TORINO – Tudor è un tipo pratico, non gli piacciono né il tempo perso, né le parole inutili «e neanche la preparazione e le amichevoli. Finalmente si gioca sul serio». Il tempo non gli è stato alleato: ne ha avuto pochissimo per sviluppare i lavori estivi e invece non passa mai quello del mercato. Da mesi si ronza attorno ai soliti nomi (le trattative per la conferma di Kolo Muani cominciarono fin da aprile con Giuntoli), alle solite spine (Vlahovic), alle solite speranze di novità che invece ristagnano. Lui, Igor, sta scoprendo una nuova versione di sé, insolitamente zen. In passato non ha mai esitato a levare le tende se c’era qualcosa che gli andava di traverso (detiene probabilmente il record mondiale di dimissioni, segno che non è mai stato attaccato alla poltrona né ai soldi: Hajduk, Karabükspor, Verona, Marsiglia, Lazio), qui sa invece che deve dare libero sfogo sia alla sua parte razionale (la Juve è l’occasione della carriera) sia al lato affettivo della faccenda, perché lui del bianconero è sinceramente innamorato, «anche se, in una scala da uno a dieci, quello conta due, mentre la bravura conta otto. Se non sei capace, essere legato ai colori del tuo club non vale niente».

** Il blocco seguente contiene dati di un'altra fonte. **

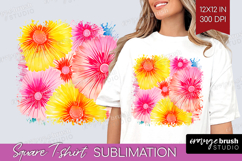 Tie Dye Square Tshirt Background - Rainbow PNG Sublimation Product Image 1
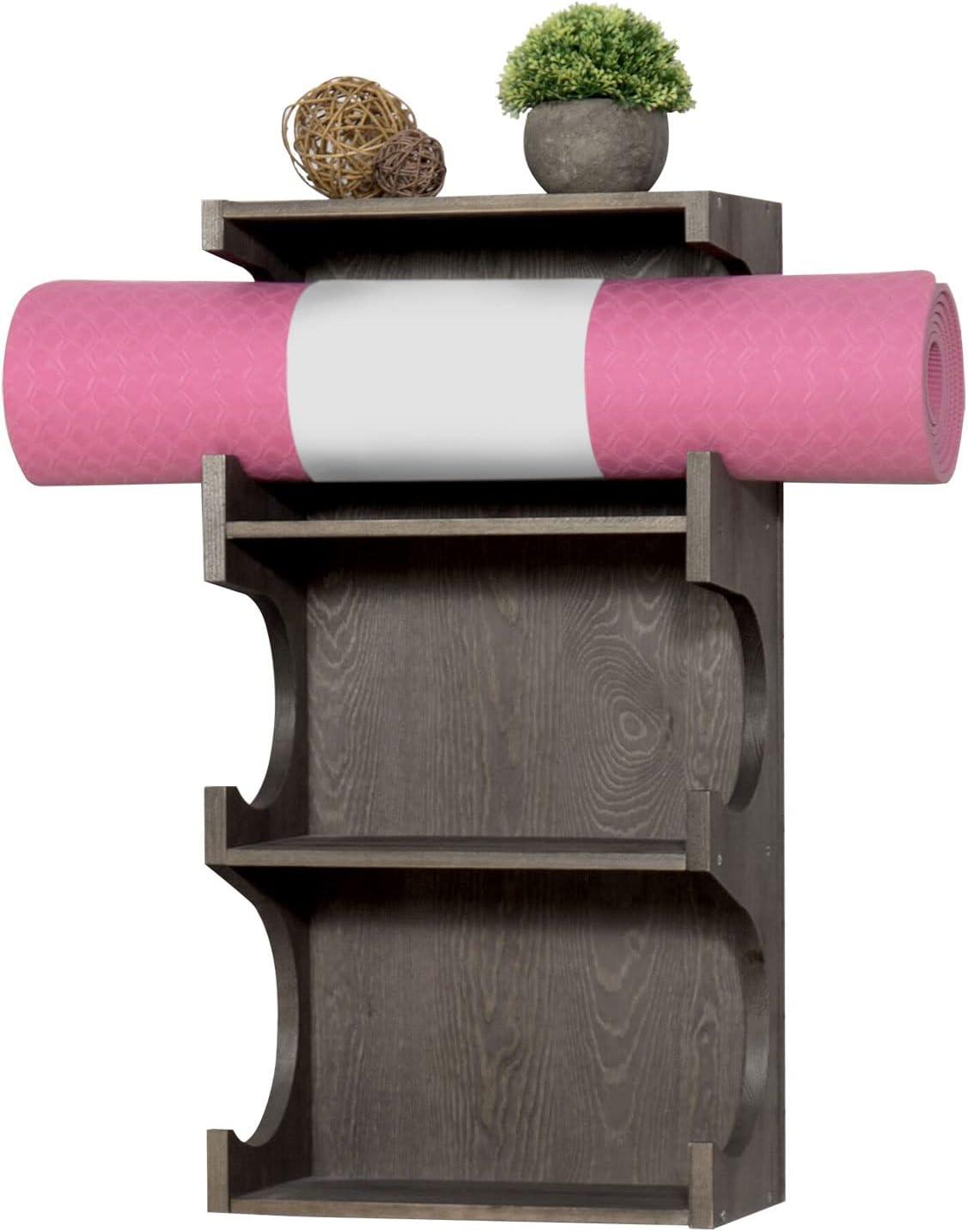 MyGift Wall-Mounted Vintage Gray Wood 3-Tier Yoga and Barre Mats Storage Rack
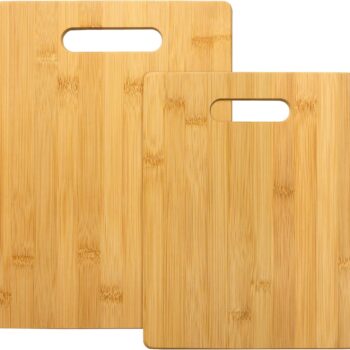 2-Piece Cutting Board Set; 2 Assorted Sizes of Bamboo Wood Cutting Boards for Kitchen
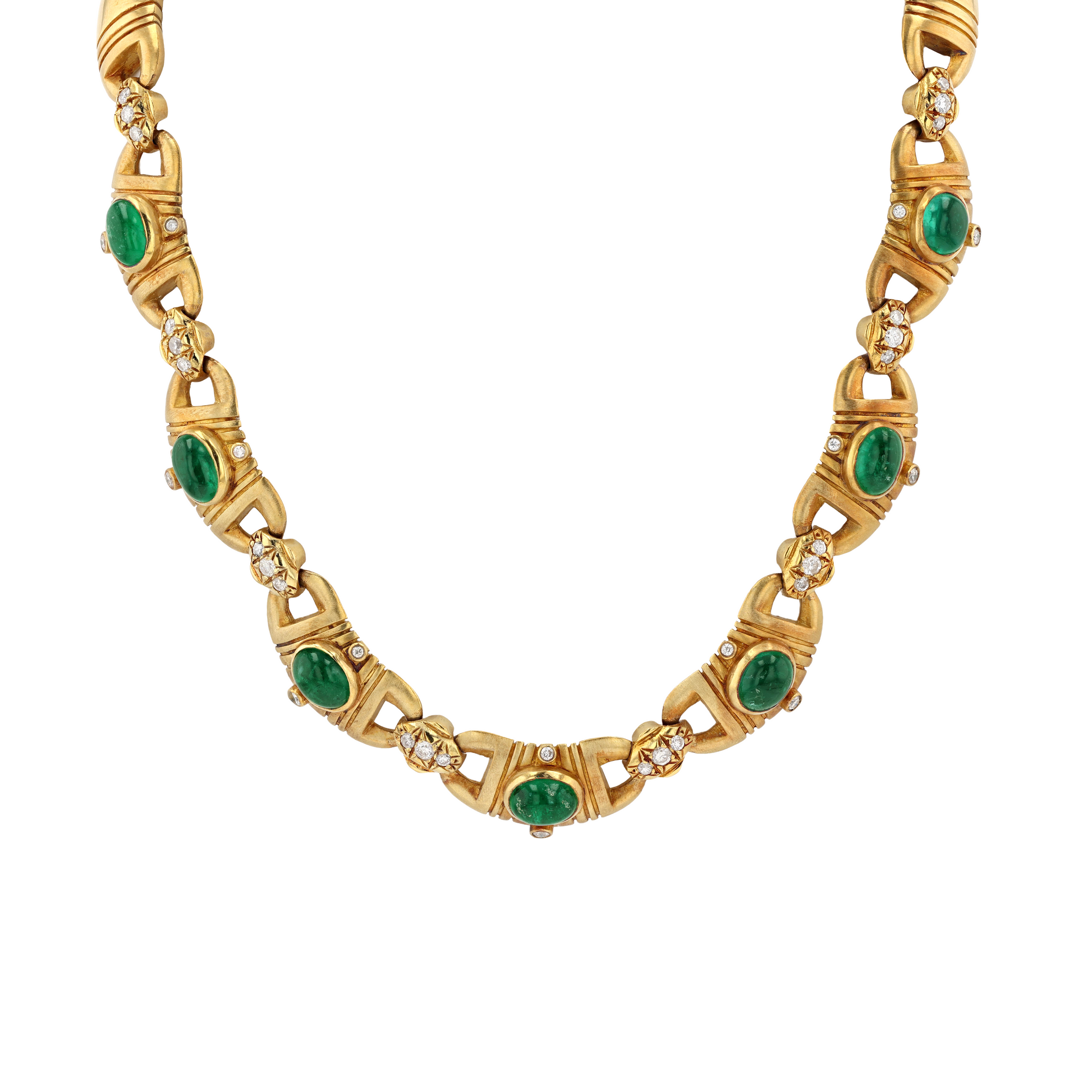18KG Natural Green Emerald Diamond Choker Necklace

“Problemi qui come ovunque”
Sta di fatto che Tudor sta facendo professione di realismo: sa che la rosa è incompleta in attacco e difettosa in altri settori, dove sarebbe necessario alzare il livello, ma non fa una piega perché la squadra, così com’è, ha dimostrato di funzionare. «Cosa succederà la settimana prossima non lo so, ma accetto tutto. Sono contento della squadra che ho e ho fiducia nel club. La società conosce i miei pensieri, vediamo cosa accadrà. Non può essere tutto perfetto, altrimenti sarebbe un film: ci sono problemi qui come ovunque, alla Juve e al Real come al Verona, alla Lazio o al Galatasaray».
L’esordio contro il Parma
Dove va quindi collocata la Juventus che stasera debutta contro il Parma dell’allenatore 30enne Cuesta, giovanissimo debuttante? «Sento che ci danno quarti, quinti o sesti e questo può essere solo uno stimolo. Quello che posso dire è che un club come questo non parte per qualificarsi alla Champions e basta». No, il concetto di “obiettivo minimo” non ha mai fatto né mai dovrebbe far parte dei piani della società bianconera né Tudor intende introdurlo proprio ora, figurarsi. Però non sa né può sapere dove può arrivare una squadra che non è molto diversa da quella che tre mesi fa artigliò il quarto posto all’ultimo rigore: è però cresciuta in esperienza, ha riguadagnato Bremer che è stato promosso vice-capitano dopo Locatelli («L’anno scorso questo argomento aveva fatto discutere, quindi abbiamo deciso insieme alla società e al gruppo: dopo loro due, gli altri capitani sono Yildiz, Gatti e Thuram»), punta sui gol di David, abituato a garantirne una ventina, e sulla rinascita di Koopmeiners, che sarebbe uno dei migliori centrocampisti in circolazione, se soltanto riscoprisse sé stesso. L’olandese potrebbe giocare titolare già oggi, proprio al posto di Locatelli. Di elementi per nutrire l’ambizione, insomma ce ne sono, «ma le parole non servono a niente. Mi fanno ridere i giochi mentali di chi ti dà per favorito per metterti pressione: chi se ne frega, non è che se sei favorito la pressione aumenta. Sono finte cui non abbocca neanche un bambino di dieci anni». In definitiva, alla Juve Tudor chiede soprattutto una cosa: «Solidità».